PROBLEM
Type out each record word for word. Pictures stay out.

_ _ _ _ _ _ _

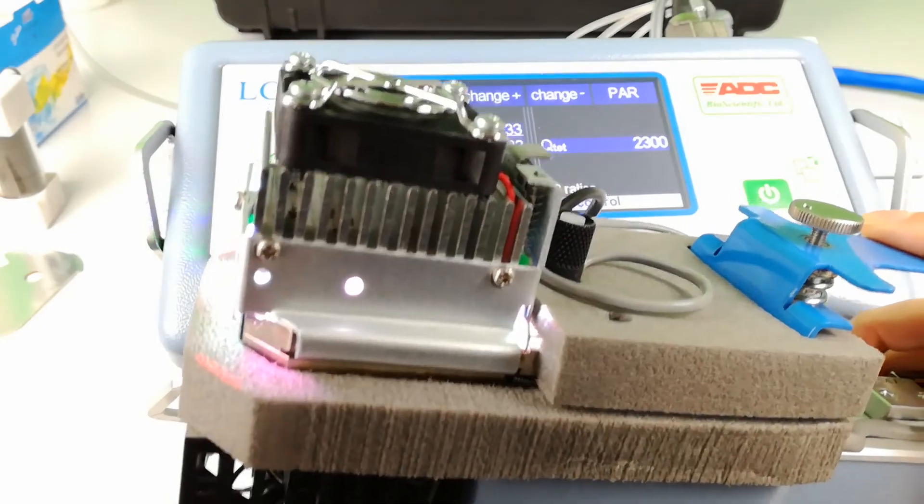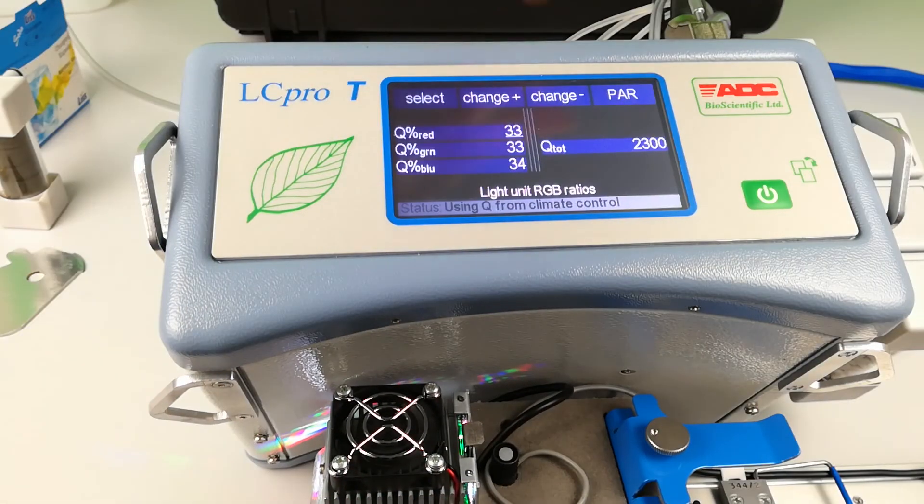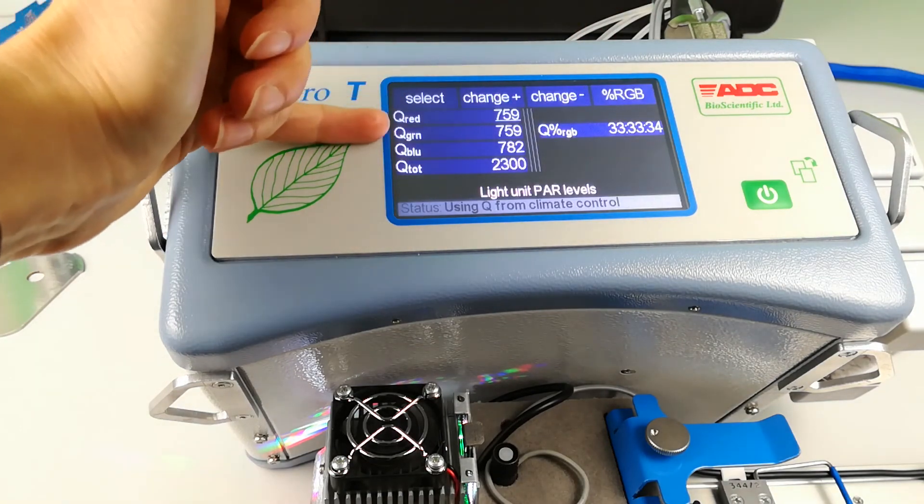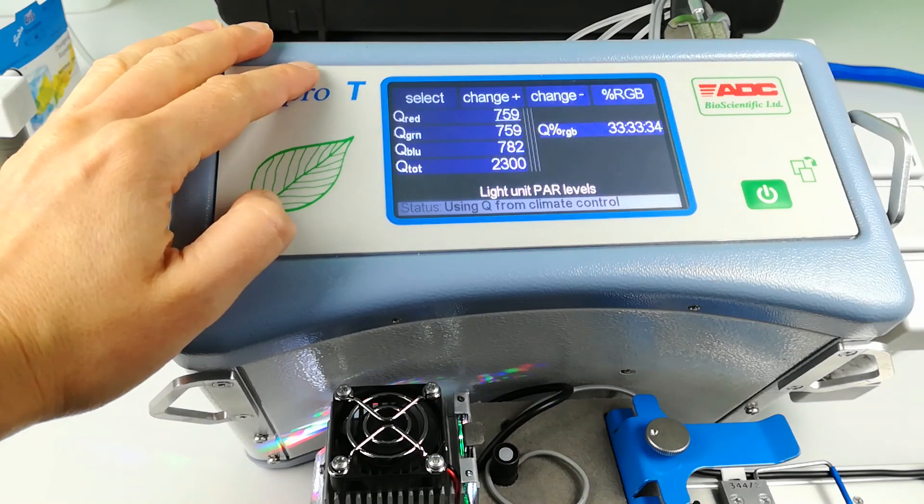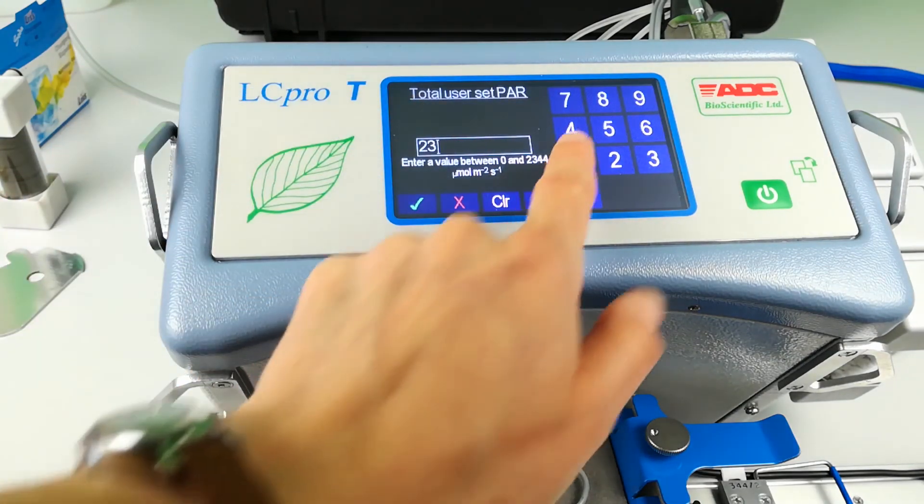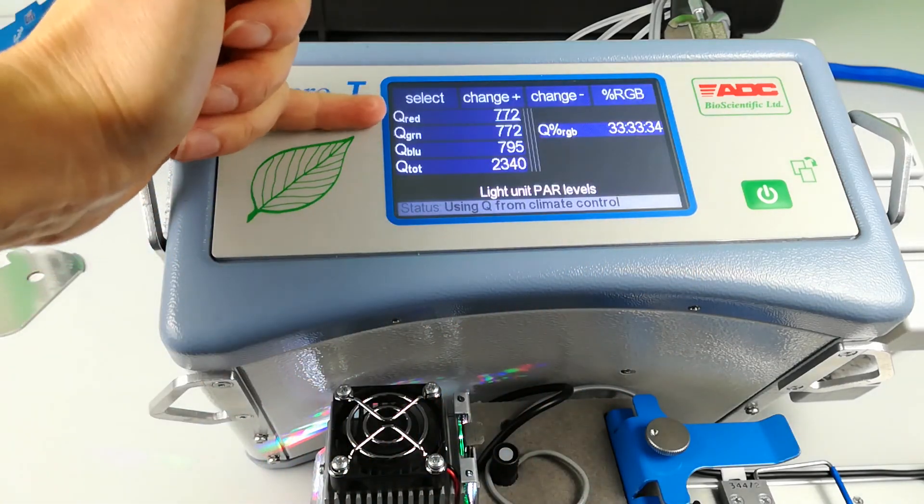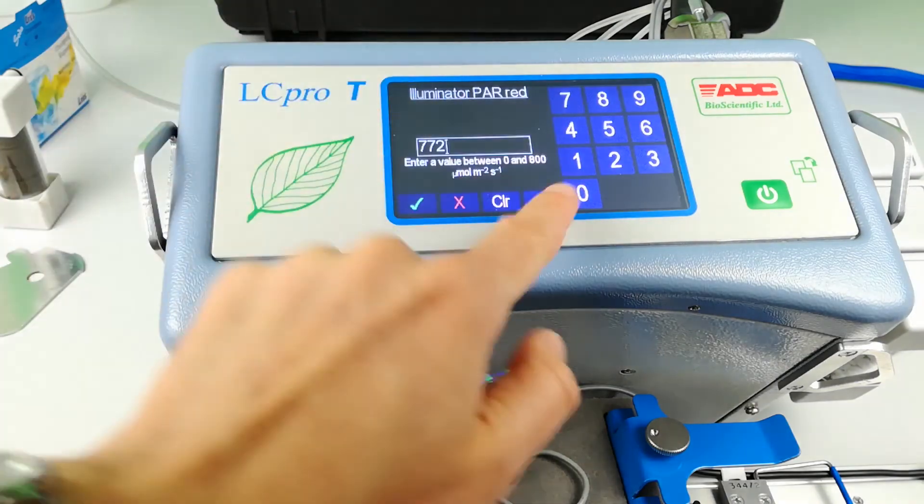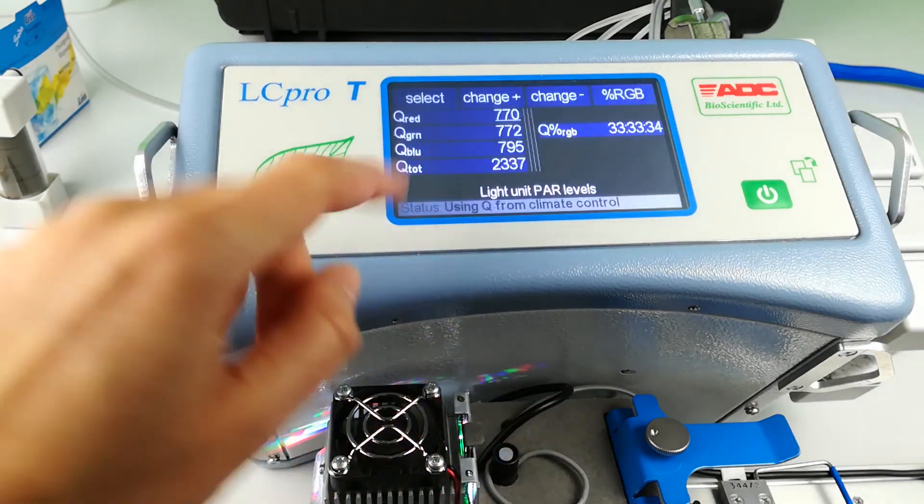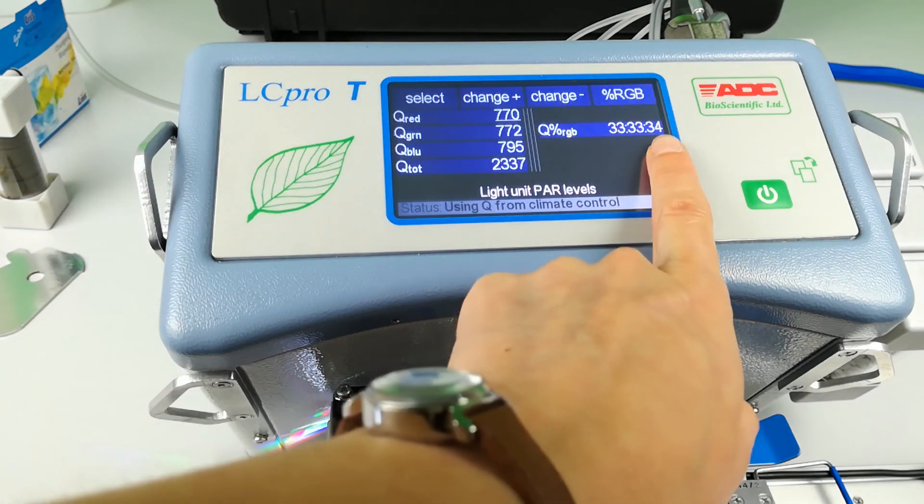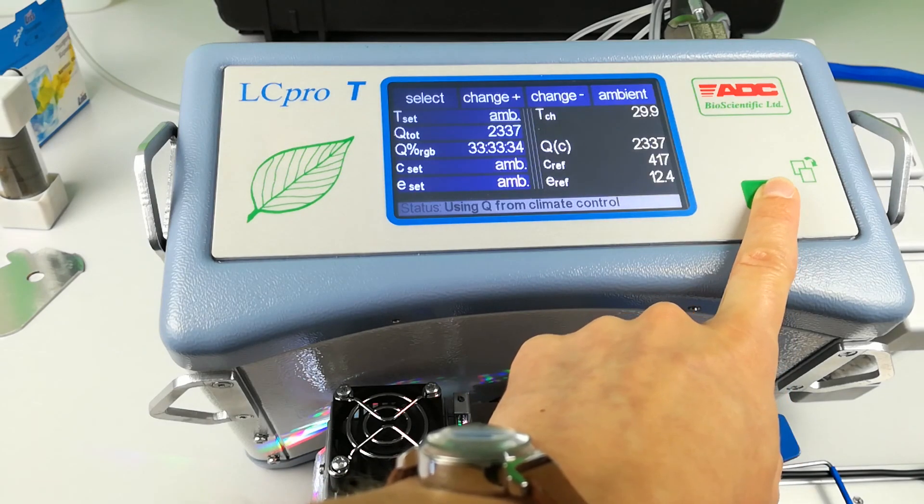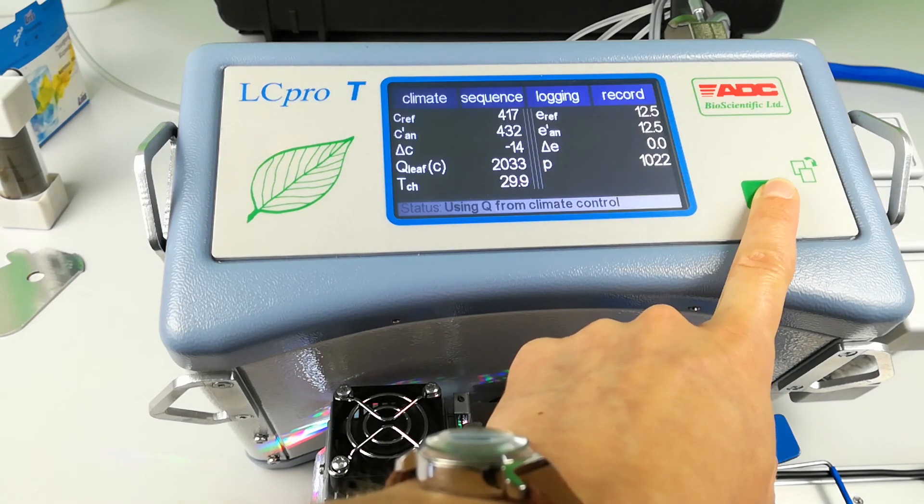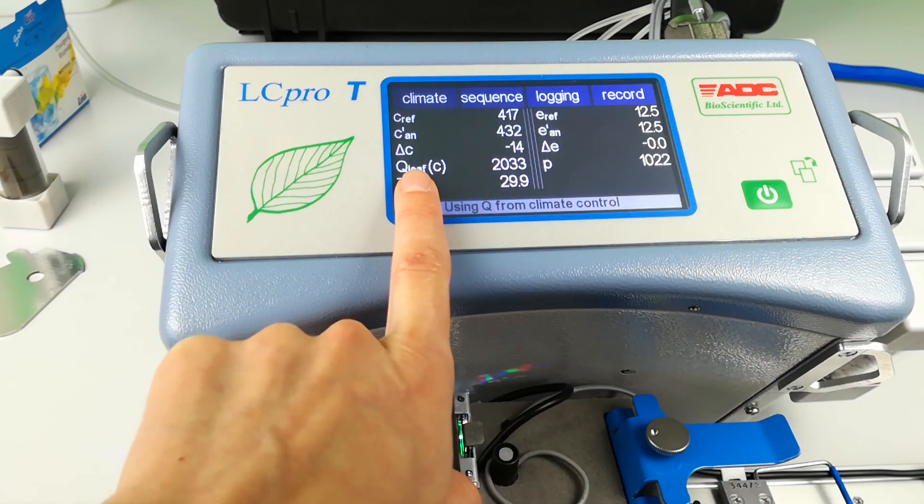Choose the PAR option at the top right and here you can see absolute values rather than percentages, for each of red, green, blue and total. Changing the value from this screen would change the ratio unless you only change Q-Total. These two options allow great versatility when programming experiments to replicate natural light, or taking measurements under different conditions.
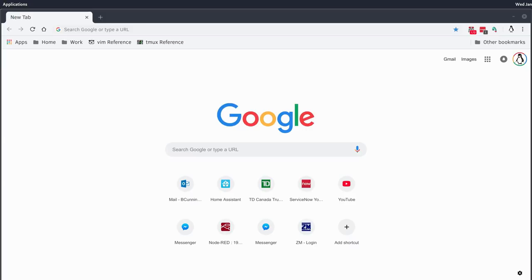Hey everybody, welcome back. Today we're going to be doing something a little bit differently. We're actually going to be stepping through an entire Arch Linux install. Now, if you've been with me for the past couple months, you might notice that that is the OS that I use to build my automation server on. I wanted to walk through an Arch Linux install just to address some of the questions I've had over the past couple months.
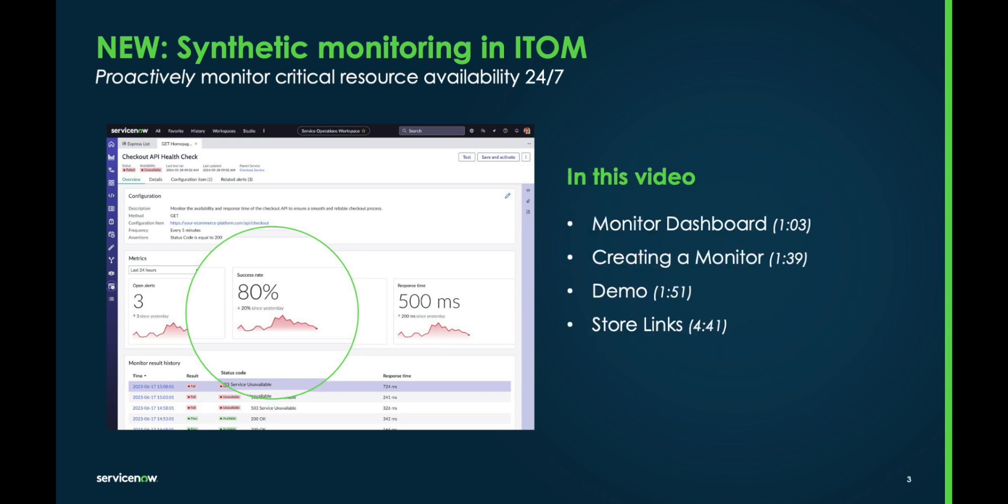In this video, we'll show you more about the monitor dashboard, the process of creating a monitor, walk you through an end-to-end demo, and show you the store links where you can download synthetic monitoring into your own ServiceNow instance from the ServiceNow store.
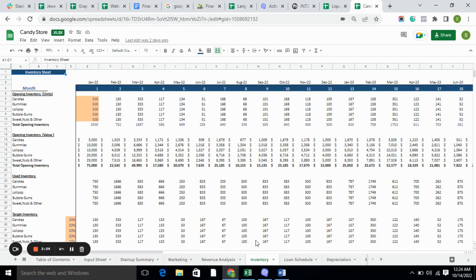Inventory basically tells you the opening inventory, closing inventory, inventory used, and targeted inventory — every kind of inventory detail is captured in the inventory sheet.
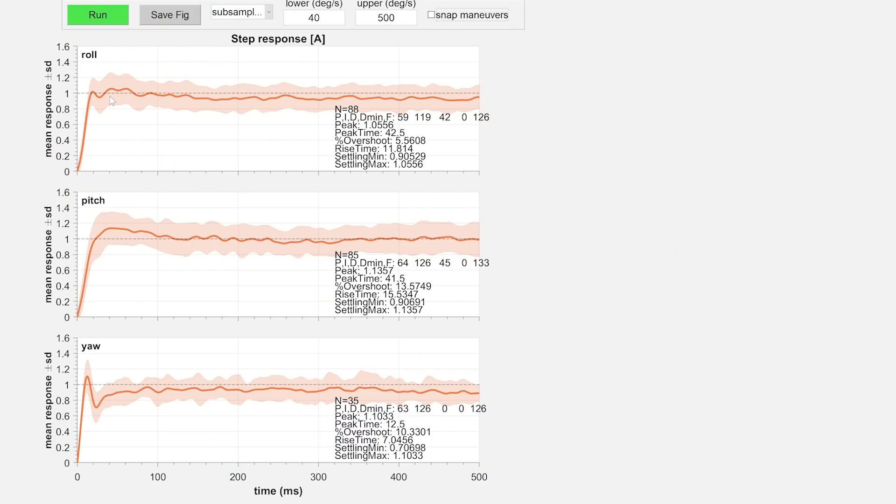Now this is the point where we're going to start diving into Black Box. Chris does give a method you can use by listening to your motors to figure out whether your P-D balance is right if you're not interested in getting into Black Box, but I really think Black Box is going to do a much better job of showing us what's going on. What we're looking at here is the step response tool in PID Toolbox. Here's how to interpret that: imagine that at a given time, the quadcopter is flat and level and the stick is centered.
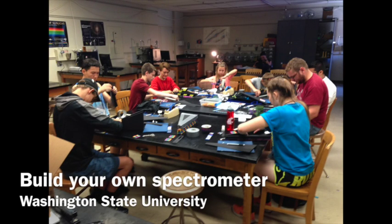Hello and welcome to Washington State University's OSA SPIE chapter. We're going to tell you how to build your own spectrometer.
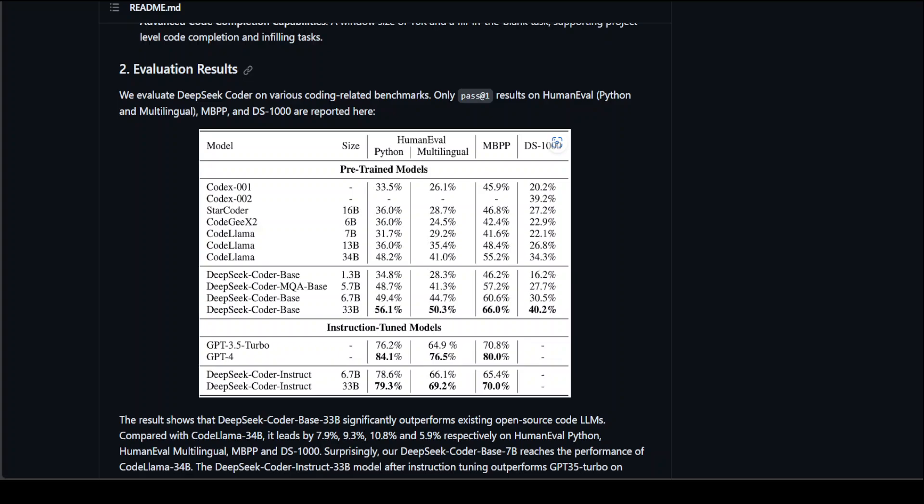For example, if you see this result, you can see that DeepSeek Coder 33 billion, the biggest one, has significantly outperformed existing open source code LLMs. If you compare it with CodeLlama, it has outperformed it by 7.9%, 9.3% and so on, on different benchmarks like HumanEval, Multilingual and lots of others.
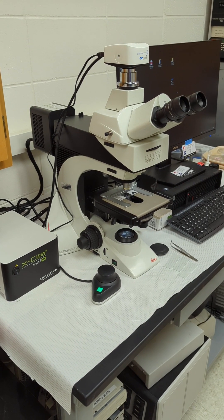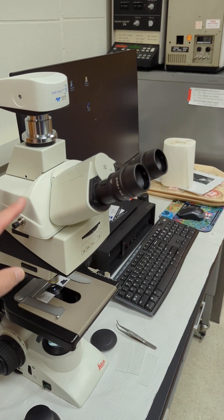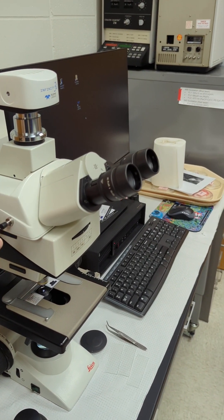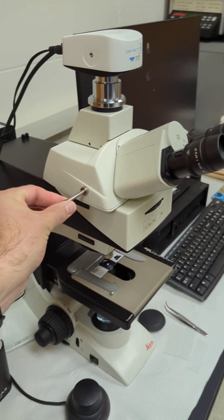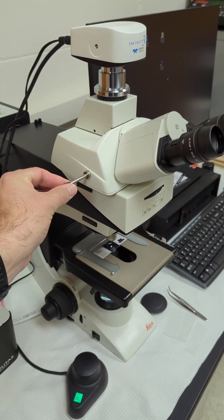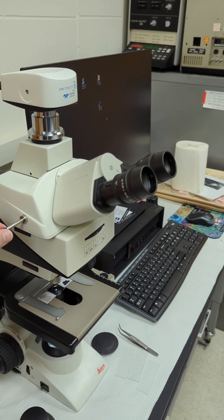Starting from the top, we've got our camera, your eye tube, and this plunger here with your eyepieces.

_ _ _ _ _ _ _

ANSWER TO THIS EXERCISE
Choose the PAR option at the top right and here you can see absolute values rather than percentages, for each of red, green, blue and total. Changing the value from this screen would change the ratio unless you only change Q-Total. These two options allow great versatility when programming experiments to replicate natural light, or taking measurements under different conditions.
Hey everybody, welcome back. Today we're going to be doing something a little bit differently. We're actually going to be stepping through an entire Arch Linux install. Now, if you've been with me for the past couple months, you might notice that that is the OS that I use to build my automation server on. I wanted to walk through an Arch Linux install just to address some of the questions I've had over the past couple months.
In this video, we'll show you more about the monitor dashboard, the process of creating a monitor, walk you through an end-to-end demo, and show you the store links where you can download synthetic monitoring into your own ServiceNow instance from the ServiceNow store.
Inventory basically tells you the opening inventory, closing inventory, inventory used, and targeted inventory — every kind of inventory detail is captured in the inventory sheet.
Now this is the point where we're going to start diving into Black Box. Chris does give a method you can use by listening to your motors to figure out whether your P-D balance is right if you're not interested in getting into Black Box, but I really think Black Box is going to do a much better job of showing us what's going on. What we're looking at here is the step response tool in PID Toolbox. Here's how to interpret that: imagine that at a given time, the quadcopter is flat and level and the stick is centered.
Hello and welcome to Washington State University's OSA SPIE chapter. We're going to tell you how to build your own spectrometer.
For example, if you see this result, you can see that DeepSeek Coder 33 billion, the biggest one, has significantly outperformed existing open source code LLMs. If you compare it with CodeLlama, it has outperformed it by 7.9%, 9.3% and so on, on different benchmarks like HumanEval, Multilingual and lots of others.
Starting from the top, we've got our camera, your eye tube, and this plunger here with your eyepieces.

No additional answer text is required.